Such a program can be easily translated into a NAND-CIRC program of $O(T(n)^2)$ lines by "unrolling the loop".
{.proofidea data-ref="obliviousnandtmthm"}
We can translate any NAND-TM program $P'$ into an oblivious program $P$ by making $P$ "sweep" its arrays. That is, the index i in $P$ will always move all the way from position $0$ to position $T(n)-1$ and back again.
We can then simulate the program $P'$ with at most $T(n)$ overhead: if $P'$ wants to move i left when we are in a rightward sweep then we simply wait the at most $2T(n)$ steps until the next time we are back in the same position while sweeping to the left.
{#obliviousnandtmfig .margin }
::: {.proof data-ref="obliviousnandtmthm"}
Let $P'$ be a NAND-TM program computing $F$ in $T(n)$ steps.
We construct an oblivious NAND-TM program $P$ for computing $F$ as follows (see also obliviousnandtmfig{.ref}).
On input $x$, $P$ will compute $T=T(|x|)$ and set up arrays Atstart and Atend satisfying
Atstart[$0$]$=1$ and Atstart[$i$]$=0$ for $i>0$ and Atend[$T-1$]$=1$ and Atend[i]$=0$ for all $i \neq T-1$. We can do this because $T$ is a nice function. Note that since this computation does not depend on $x$ but only on its length, it is oblivious.
$P$ will also have a special array Marker initialized to all zeroes.
The index variable of $P$ will change direction of movement to the right whenever Atstart[i]$=1$ and to the left whenever Atend[i]$=1$.
The program $P$ simulates the execution of $P'$. However, if the MODANDJMP instruction in $P'$ attempts to move to the right when $P$ is moving left (or vice versa) then $P$ will set Marker[i] to $1$ and enter into a special "waiting mode". In this mode $P$ will wait until the next time in which Marker[i]$=1$ (at the next sweep) at which points $P$ zeroes Marker[i] and continues with the simulation. In the worst case this will take $2T(n)$ steps (if $P$ has to go all the way from one end to the other and back again.)
We also modify $P$ to ensure it ends the computation after simulating exactly $T(n)$ steps of $P'$, adding "dummy steps" if $P'$ ends early.
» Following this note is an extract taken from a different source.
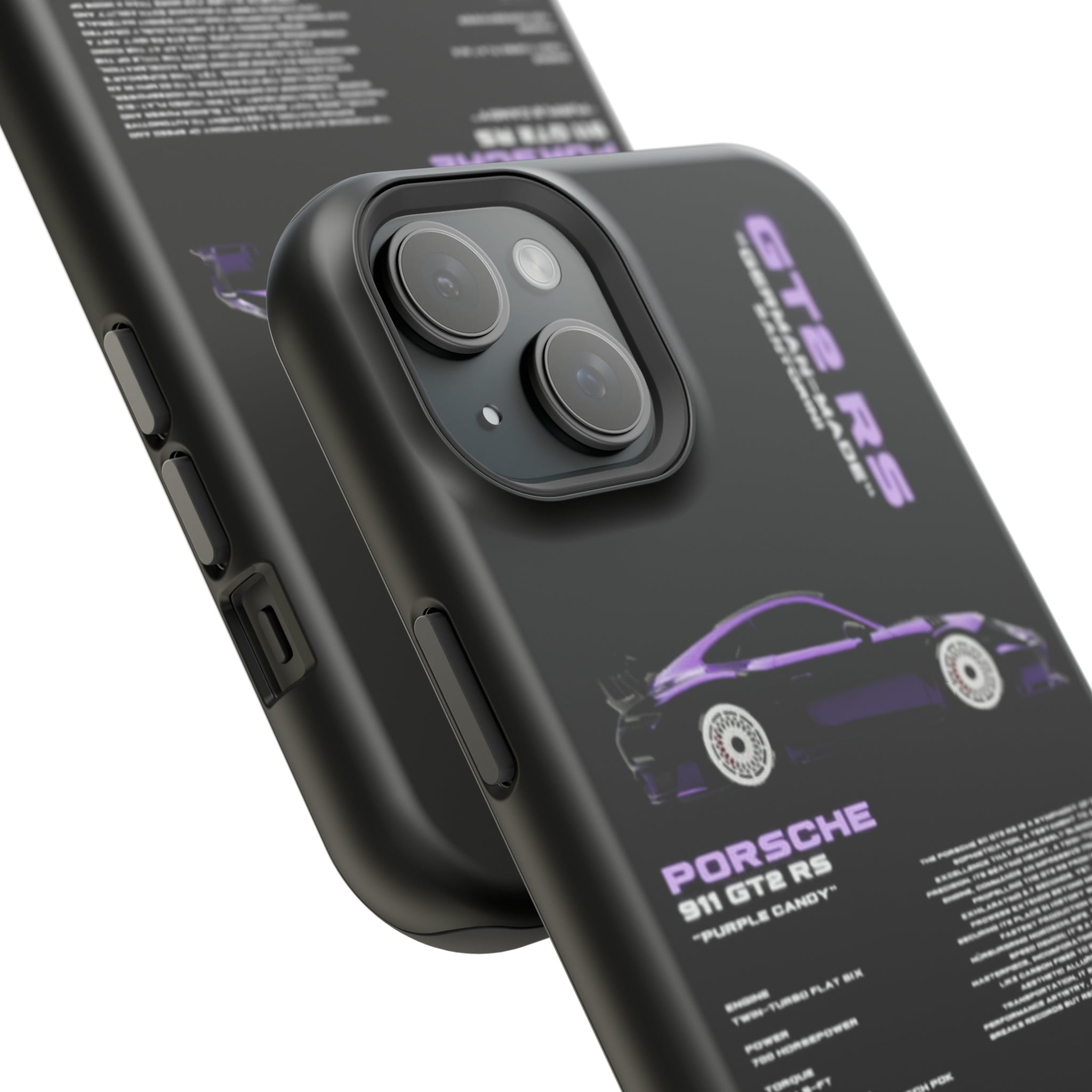 Porsche 911 GT3 "Purple Noir" (MagSafe)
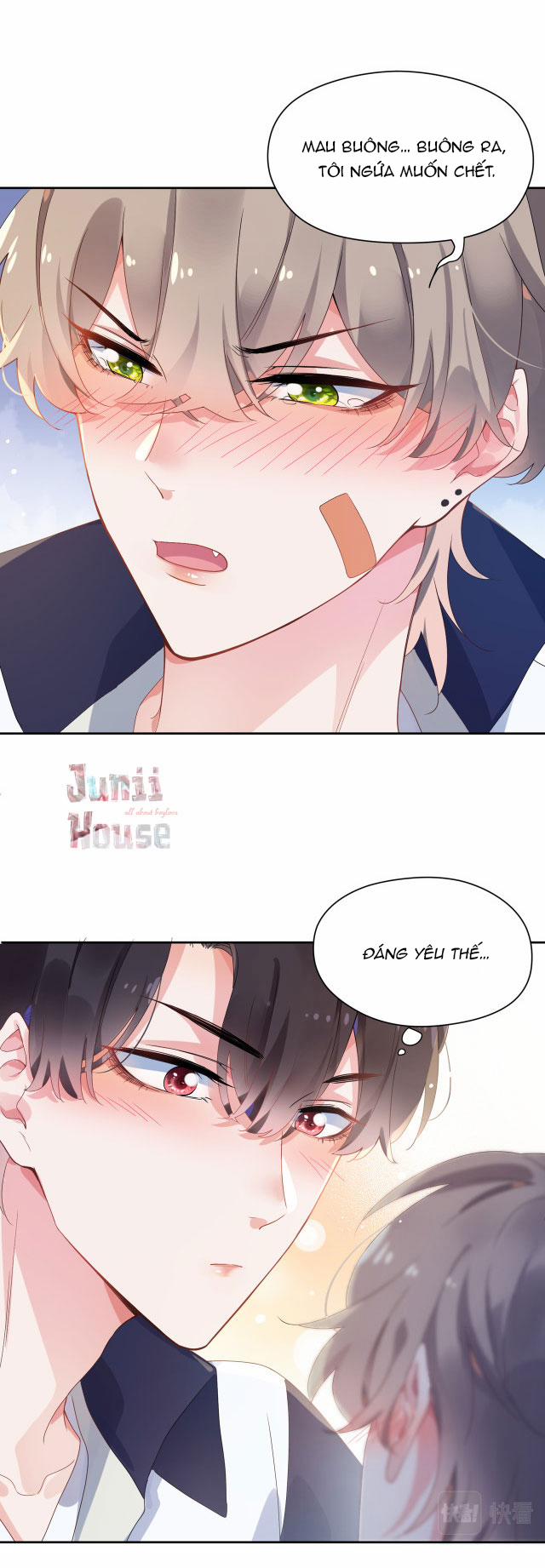 Có Bản Lĩnh Thì Cứ Hung Dữ Đi? 21 trang 10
We see that $P$ simulates the execution of $P'$ with an overhead of $O(T(n))$ steps of $P$ per one step of $P'$, hence completing the proof.
:::
obliviousnandtmthm{.ref} implies non-uniform-thm{.ref}. Indeed, if $P$ is a $k$-line oblivious NAND-TM program computing $F$ in time $T(n)$ then for every $n$ we can obtain a NAND-CIRC program of $(k-1)\cdot T(n)$ lines by simply making $T(n)$ copies of $P$ (dropping the final MODANDJMP line).
In the $j$-th copy we replace all references of the form Foo[i] to foo_$i_j$ where $i_j$ is the value of i in the $j$-th iteration.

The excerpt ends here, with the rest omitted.